WHAT THE TASK REQUIRES: Please restate the records that follow word for word, omitting any images.

GIVEN DATA:

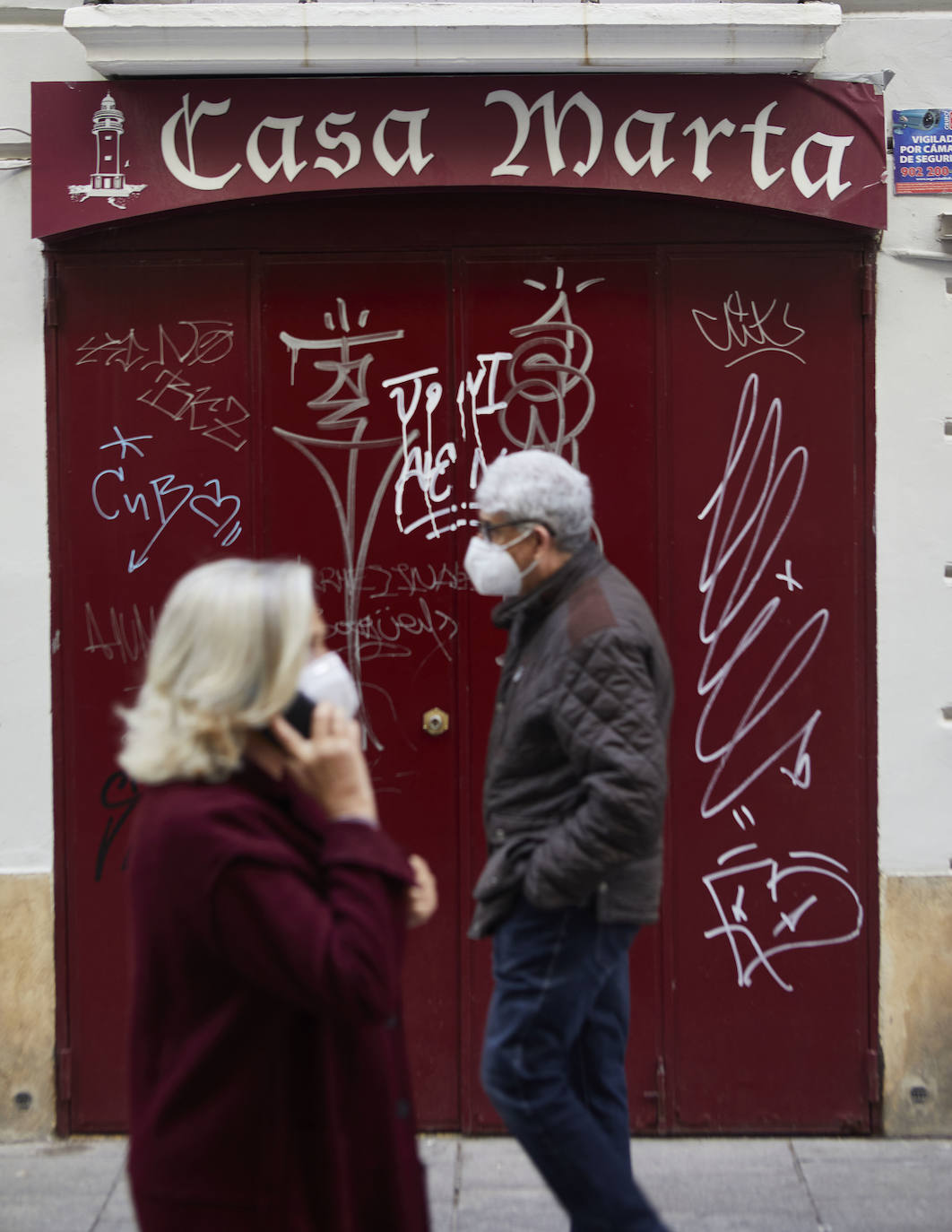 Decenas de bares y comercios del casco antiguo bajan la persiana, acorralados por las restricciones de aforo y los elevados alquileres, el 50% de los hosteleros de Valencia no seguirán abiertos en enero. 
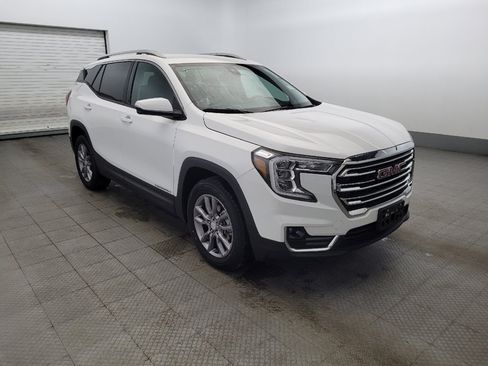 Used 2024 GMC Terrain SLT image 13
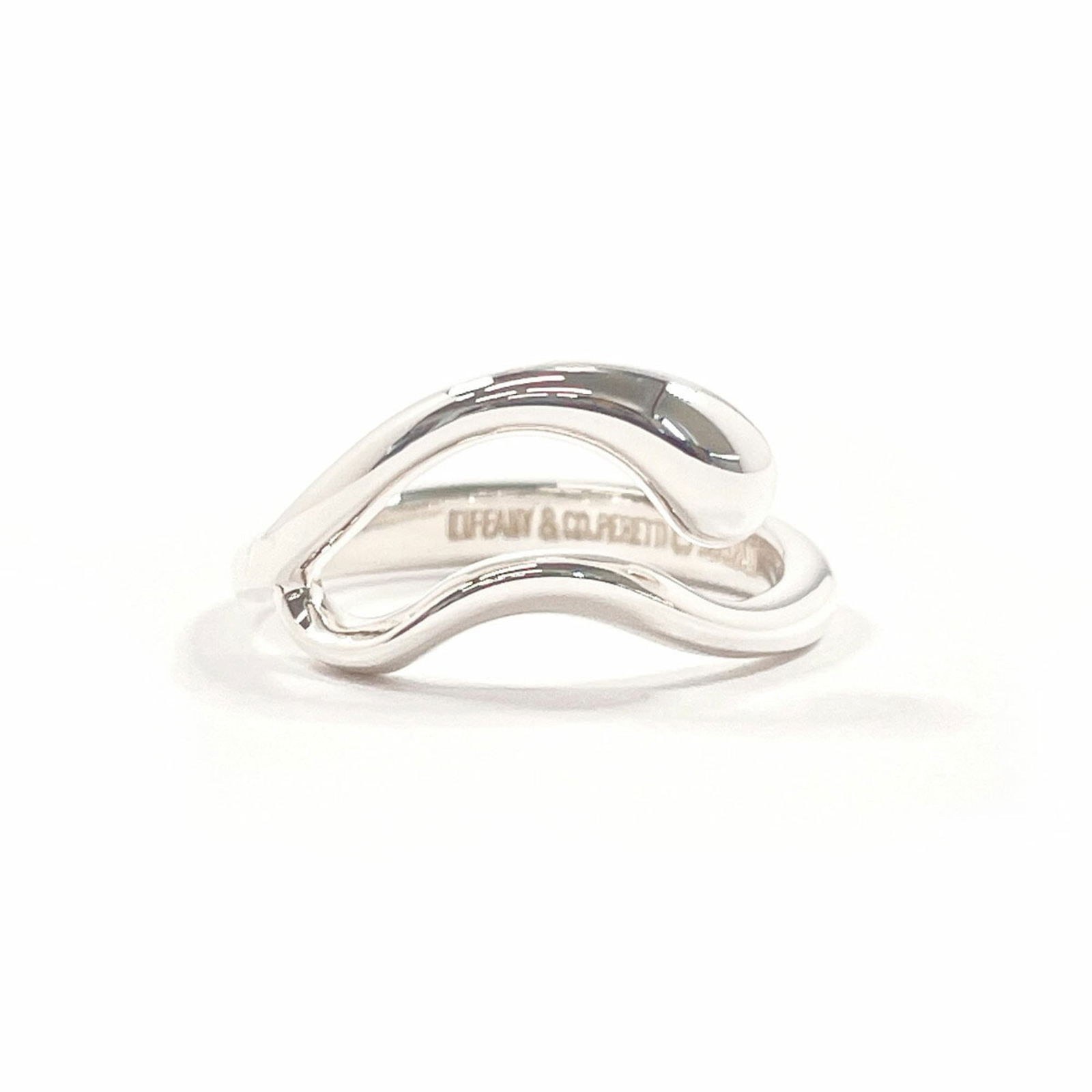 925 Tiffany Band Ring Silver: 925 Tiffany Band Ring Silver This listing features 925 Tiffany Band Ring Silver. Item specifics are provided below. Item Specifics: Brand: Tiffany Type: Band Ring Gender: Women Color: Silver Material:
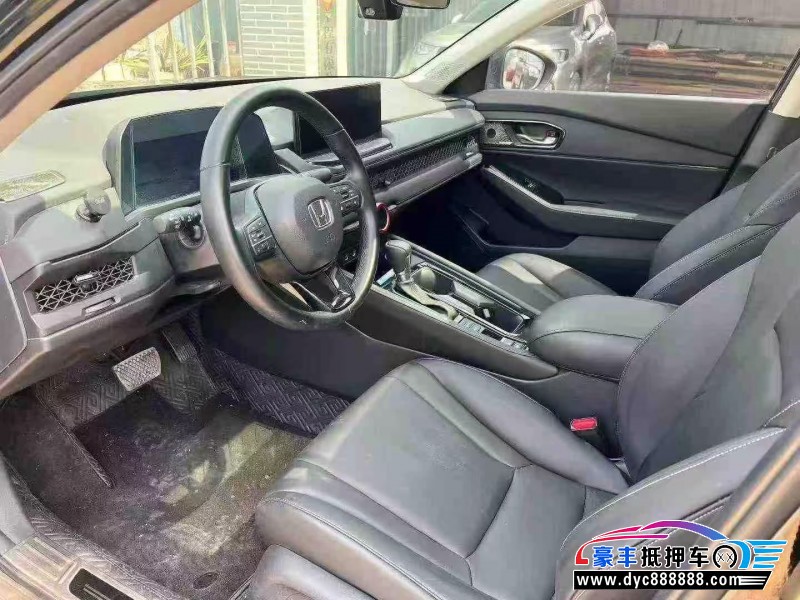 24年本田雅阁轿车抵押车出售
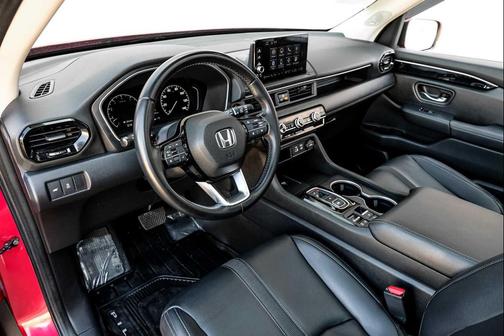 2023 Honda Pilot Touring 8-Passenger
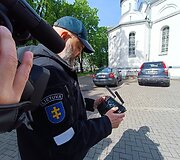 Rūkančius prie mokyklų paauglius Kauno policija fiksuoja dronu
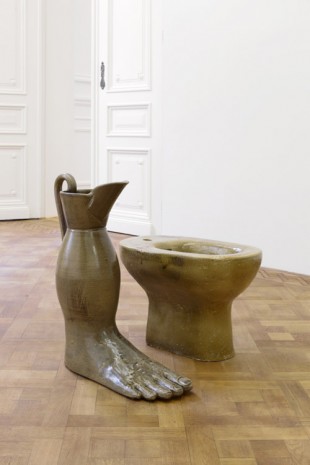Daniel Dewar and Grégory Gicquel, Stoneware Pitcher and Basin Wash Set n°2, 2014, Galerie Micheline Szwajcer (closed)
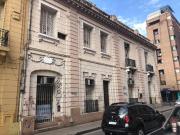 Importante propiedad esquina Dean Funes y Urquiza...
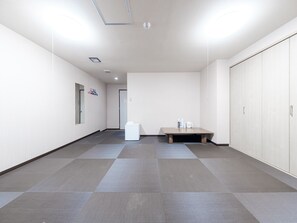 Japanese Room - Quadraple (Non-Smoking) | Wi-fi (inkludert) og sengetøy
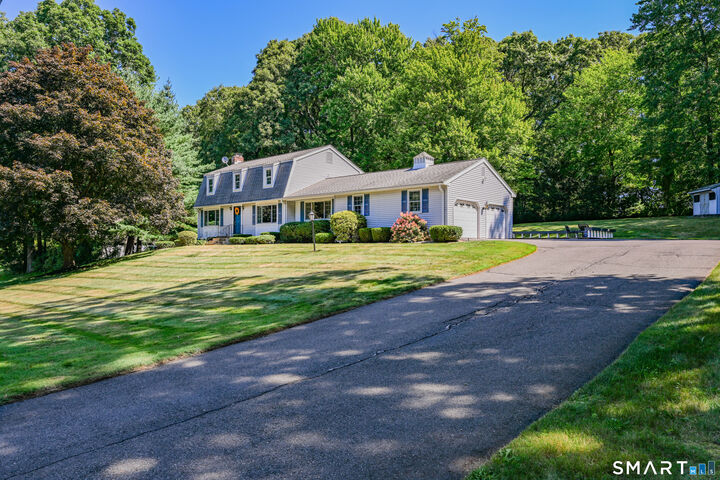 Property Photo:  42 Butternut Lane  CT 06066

ANSWER TO THE PROBLEM:
 Decenas de bares y comercios del casco antiguo bajan la persiana, acorralados por las restricciones de aforo y los elevados alquileres, el 50% de los hosteleros de Valencia no seguirán abiertos en enero. 
 Used 2024 GMC Terrain SLT image 13
 925 Tiffany Band Ring Silver: 925 Tiffany Band Ring Silver This listing features 925 Tiffany Band Ring Silver. Item specifics are provided below. Item Specifics: Brand: Tiffany Type: Band Ring Gender: Women Color: Silver Material:
 24年本田雅阁轿车抵押车出售
 2023 Honda Pilot Touring 8-Passenger
 Rūkančius prie mokyklų paauglius Kauno policija fiksuoja dronu
Daniel Dewar and Grégory Gicquel, Stoneware Pitcher and Basin Wash Set n°2, 2014, Galerie Micheline Szwajcer (closed)
 Importante propiedad esquina Dean Funes y Urquiza...
 Japanese Room - Quadraple (Non-Smoking) | Wi-fi (inkludert) og sengetøy
 Property Photo:  42 Butternut Lane  CT 06066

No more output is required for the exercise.